God is so good! I just marvel at His timing. It seems like almost everyone in the group had some sort of big news--engagement, baby--whatever it may be. And if we had been able to meet when we first wanted to, we would not have been able to share all the news together in such a special way. Last night was a night of catching up and rejoicing.

Nights like last night remind me that friendship is a unique gift from God and I praise the Lord for that!

Tuesday, March 17, 2009

St. Patrick's Day


It's hard to believe that in 2000, exactly 9 years ago today, I was in Belfast Ireland with my mom. We had a couple of days of not sleeping because the Irish were preparing to celebrate. "Preparing to celebrate" means having a party every night for the entire week before March 17th, getting drunk, and making lots of noise. So, that "lots of noise" kept my mom and I awake 'til the wee hours of the mornin'.

I remember being amazed at hearing the TRUE story of St. Patrick for the first time. I had no idea that St. Patrick has been kidnapped as a child and many, many, years later escaped. Then he decided to return to Ireland as a missionary to the people who had kidnapped him. They don't teach that in elementary school. :)

I saw the Great Causeway...the most beautiful landscape I've ever seen--on the northern coast. Words can't even describe the beauty of the crystal sea crashing into the cliffs that were carefully, craftily, carved out by the Lord--for His good pleasure. That we might see and know that He is God. Even creation declares His majesty.

As beautiful as God's creation is, it is nothing in comparison to heaven! I can't even imagine the glories that await me--the glories that my mom is experiencing right now! If she remembers what we saw in Ireland, I know she's thinking, "you think that's pretty? Just wait, Janea, just wait."

Tuesday, March 03, 2009

The Last Three Months

Wow! What a journey...and it's not over. The last few months have been such a whirlwind...so much has happened. It's difficult to process it all. My friend's mom died of cancer also about a year ago and I remember reading his blog soon after she went to be with the Lord. He said he's learned that it takes a lot of courage to die of cancer. I never fully grasped how true that is until the last few months.

I've talked with my mom's closest friend and she shared a conversation she had with mom about death.

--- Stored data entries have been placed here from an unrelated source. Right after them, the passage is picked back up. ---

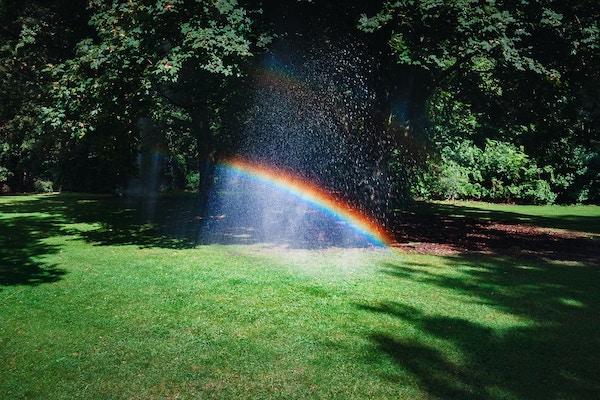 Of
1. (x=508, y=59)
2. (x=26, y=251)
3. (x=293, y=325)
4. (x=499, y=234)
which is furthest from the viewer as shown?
(x=499, y=234)

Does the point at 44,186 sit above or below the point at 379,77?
below

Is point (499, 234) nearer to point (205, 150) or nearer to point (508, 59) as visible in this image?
point (508, 59)

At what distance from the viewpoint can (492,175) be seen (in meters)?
24.8

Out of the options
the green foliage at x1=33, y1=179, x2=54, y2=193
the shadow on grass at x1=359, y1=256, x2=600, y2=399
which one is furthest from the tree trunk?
the shadow on grass at x1=359, y1=256, x2=600, y2=399

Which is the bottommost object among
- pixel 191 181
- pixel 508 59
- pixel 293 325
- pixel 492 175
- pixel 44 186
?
pixel 293 325

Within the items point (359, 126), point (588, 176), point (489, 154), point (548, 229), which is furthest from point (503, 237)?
point (588, 176)

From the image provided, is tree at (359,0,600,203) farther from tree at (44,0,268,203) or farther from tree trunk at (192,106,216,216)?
tree trunk at (192,106,216,216)

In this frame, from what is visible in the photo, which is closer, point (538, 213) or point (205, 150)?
point (538, 213)

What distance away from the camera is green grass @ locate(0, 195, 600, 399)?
4051 mm

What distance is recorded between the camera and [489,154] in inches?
949

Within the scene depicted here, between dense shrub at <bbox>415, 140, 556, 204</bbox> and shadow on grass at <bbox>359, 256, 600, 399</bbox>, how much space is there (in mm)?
16304

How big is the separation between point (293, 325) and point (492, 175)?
71.8ft

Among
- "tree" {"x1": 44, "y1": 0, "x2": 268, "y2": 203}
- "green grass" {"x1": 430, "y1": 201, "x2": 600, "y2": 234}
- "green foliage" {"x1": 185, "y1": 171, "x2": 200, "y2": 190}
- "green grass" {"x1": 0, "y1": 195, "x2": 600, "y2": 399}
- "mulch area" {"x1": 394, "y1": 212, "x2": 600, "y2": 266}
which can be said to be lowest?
"green grass" {"x1": 0, "y1": 195, "x2": 600, "y2": 399}

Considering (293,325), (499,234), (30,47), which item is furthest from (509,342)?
(30,47) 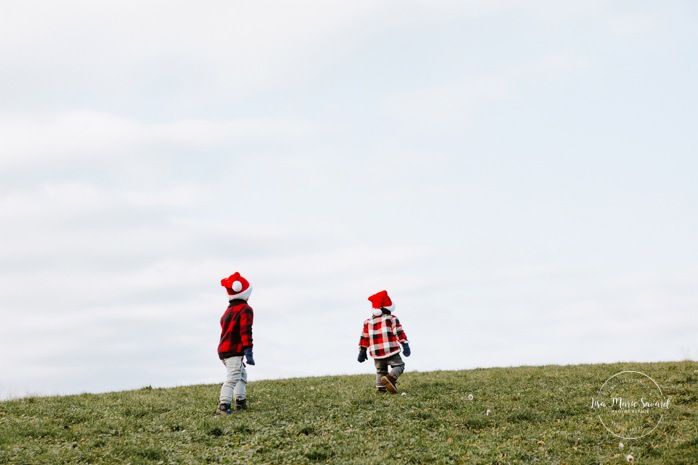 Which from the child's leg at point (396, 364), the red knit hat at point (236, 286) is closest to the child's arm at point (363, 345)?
the child's leg at point (396, 364)

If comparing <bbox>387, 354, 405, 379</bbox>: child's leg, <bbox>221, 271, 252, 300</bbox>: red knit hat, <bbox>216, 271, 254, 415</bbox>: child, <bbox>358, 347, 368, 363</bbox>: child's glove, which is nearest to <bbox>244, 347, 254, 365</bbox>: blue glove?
<bbox>216, 271, 254, 415</bbox>: child

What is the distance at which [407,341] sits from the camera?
22031 millimetres

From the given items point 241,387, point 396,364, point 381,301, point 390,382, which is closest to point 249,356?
point 241,387

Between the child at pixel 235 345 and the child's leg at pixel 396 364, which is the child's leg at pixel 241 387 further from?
the child's leg at pixel 396 364

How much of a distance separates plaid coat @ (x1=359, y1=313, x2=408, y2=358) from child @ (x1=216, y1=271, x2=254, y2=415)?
4.27 m

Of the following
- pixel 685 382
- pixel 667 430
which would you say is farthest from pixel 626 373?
pixel 667 430

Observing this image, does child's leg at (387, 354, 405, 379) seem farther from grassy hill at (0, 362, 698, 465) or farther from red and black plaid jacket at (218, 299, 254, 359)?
red and black plaid jacket at (218, 299, 254, 359)

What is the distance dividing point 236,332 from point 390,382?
484 cm

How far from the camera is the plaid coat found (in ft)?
72.3

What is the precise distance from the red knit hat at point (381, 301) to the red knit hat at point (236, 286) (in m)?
4.38

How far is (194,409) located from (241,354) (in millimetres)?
1981

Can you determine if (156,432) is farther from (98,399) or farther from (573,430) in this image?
(573,430)

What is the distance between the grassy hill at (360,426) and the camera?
15.6 meters

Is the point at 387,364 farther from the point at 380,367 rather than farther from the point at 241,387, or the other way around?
the point at 241,387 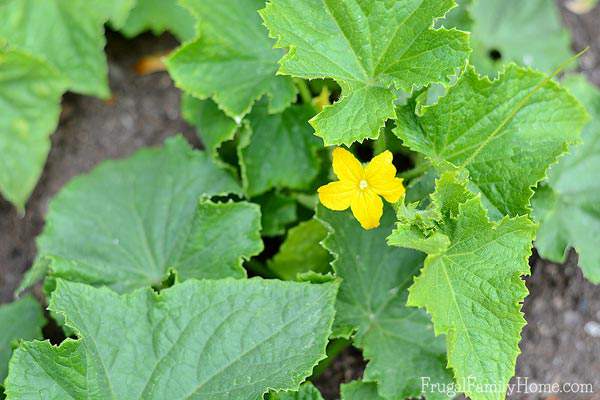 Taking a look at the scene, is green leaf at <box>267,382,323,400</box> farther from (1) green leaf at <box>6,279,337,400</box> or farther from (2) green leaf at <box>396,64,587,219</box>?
(2) green leaf at <box>396,64,587,219</box>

She asked my mom if she was afraid. And while my mom was honest...that yes, it is scary, she told her friend that now is when faith becomes real. My mom shared with her friend that she believed God's promises, she believed the truth about heaven and she shared how she was clinging to her faith in all that God has declared in His Word. My mom's faith never wavered. She fought the good fight and she endured until the very end. My mom was the most courageous woman I've ever known.

So now, I seek to live my mom's legacy. I want to receive the crown of righteousness--the same crown that my mom is wearing right now as she worships her Lord face-to-face. I don't want to waste this trial. I want to make the most of it...to let the Lord work in my heart and in my life and to shape me and make me more like Him. I want to let this trial do it's perfect work to make my faith complete and mature, lacking nothing. And I want be able to say with everything that is in me--I AM THANKFUL!